# [AIM OF THE TASK]
Copy out the data in full and exactly, passing over the pictures.

# [STORED DATA]

··········

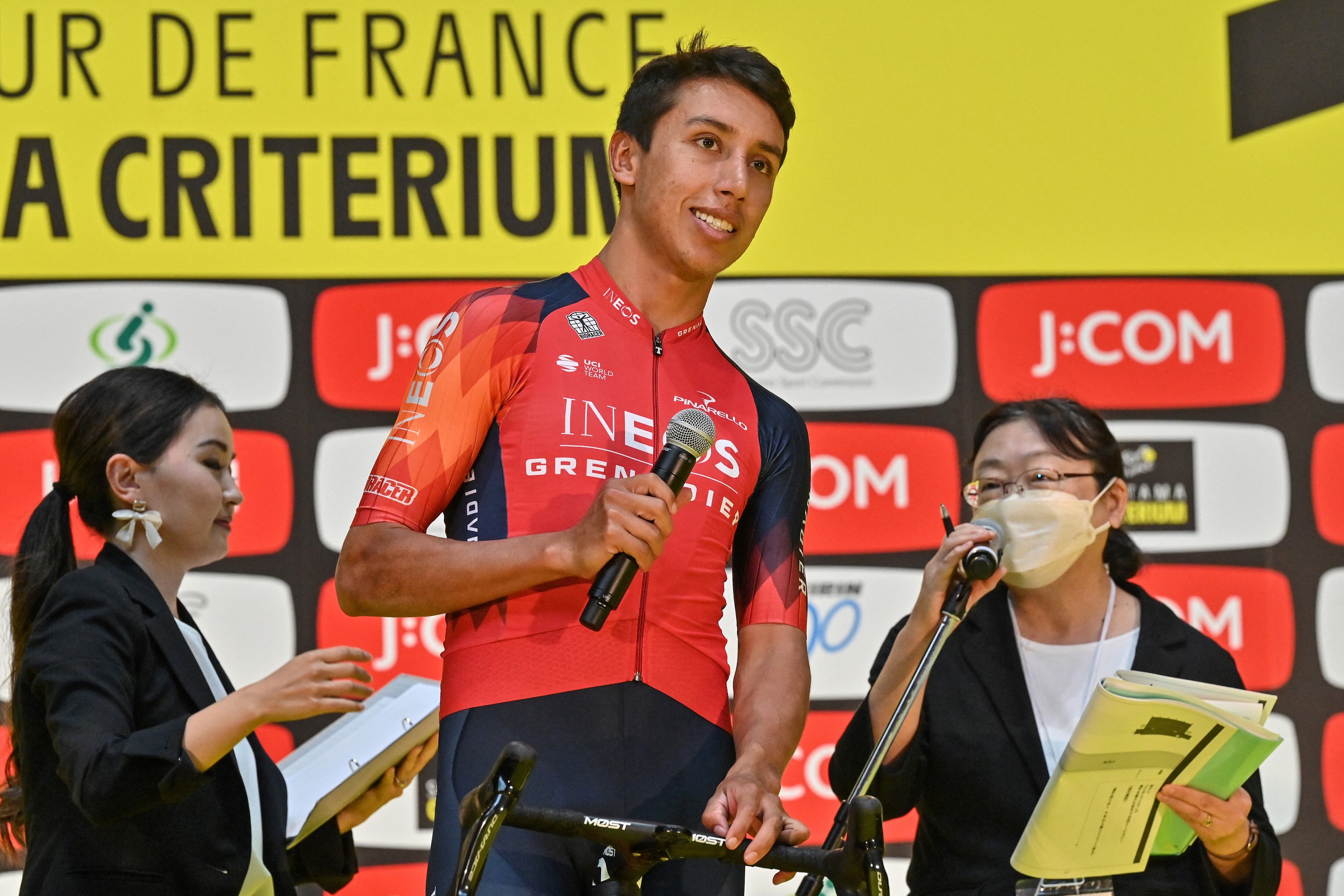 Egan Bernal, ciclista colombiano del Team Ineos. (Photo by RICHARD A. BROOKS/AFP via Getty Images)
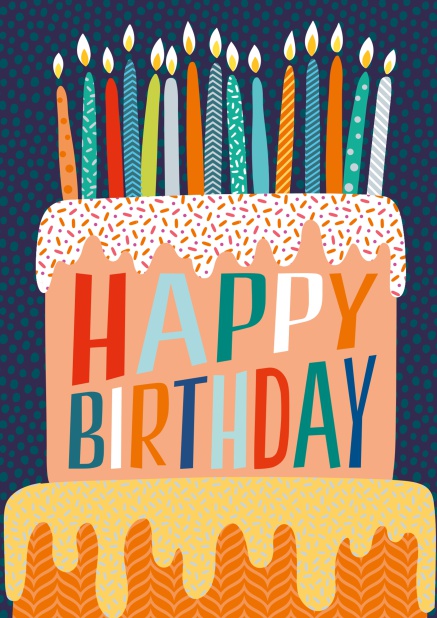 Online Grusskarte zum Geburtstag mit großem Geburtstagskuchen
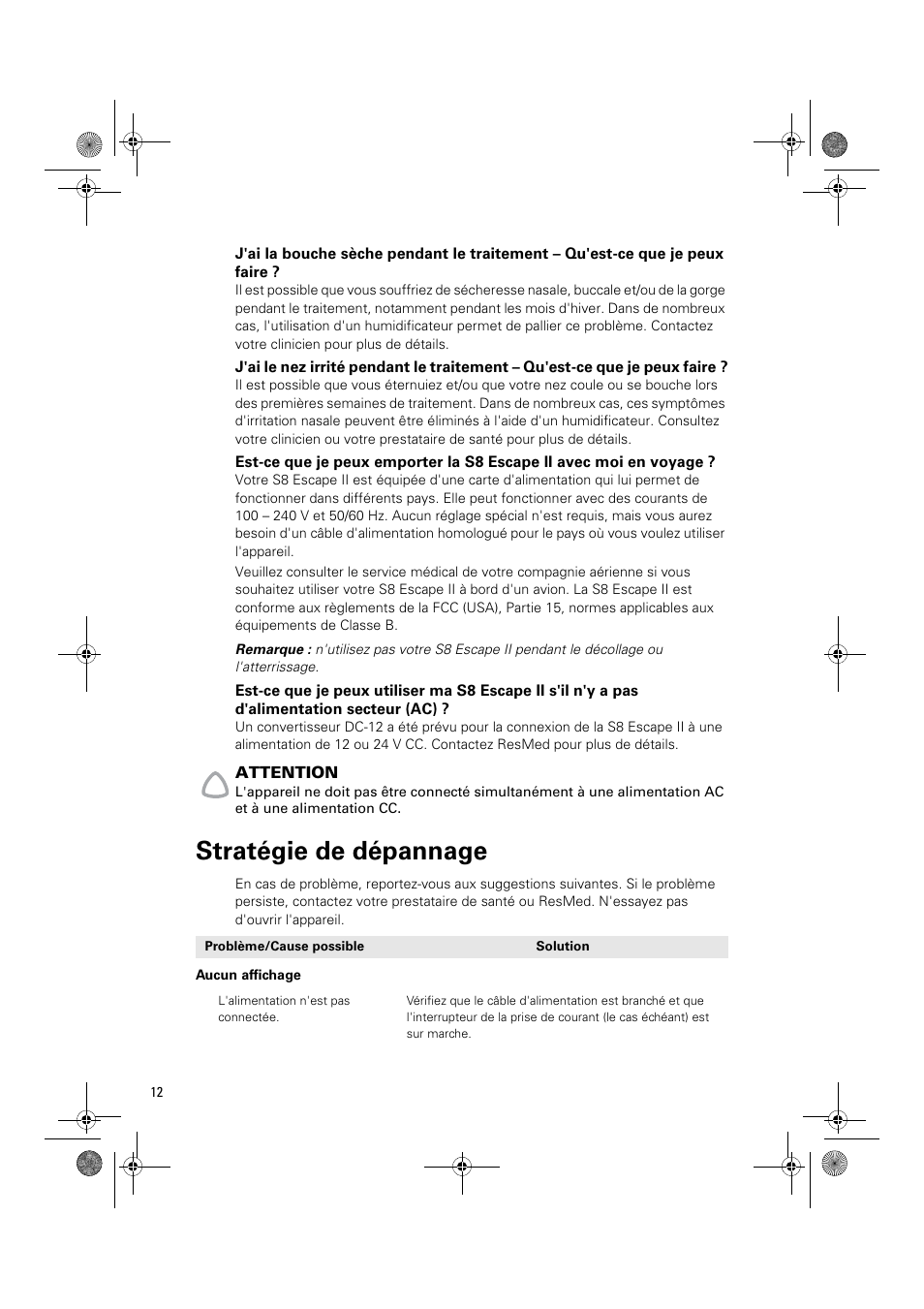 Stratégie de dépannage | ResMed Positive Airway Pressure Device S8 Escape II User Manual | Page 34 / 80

··········

# [ANSWER SPACE]
 Egan Bernal, ciclista colombiano del Team Ineos. (Photo by RICHARD A. BROOKS/AFP via Getty Images)
 Online Grusskarte zum Geburtstag mit großem Geburtstagskuchen
 Stratégie de dépannage | ResMed Positive Airway Pressure Device S8 Escape II User Manual | Page 34 / 80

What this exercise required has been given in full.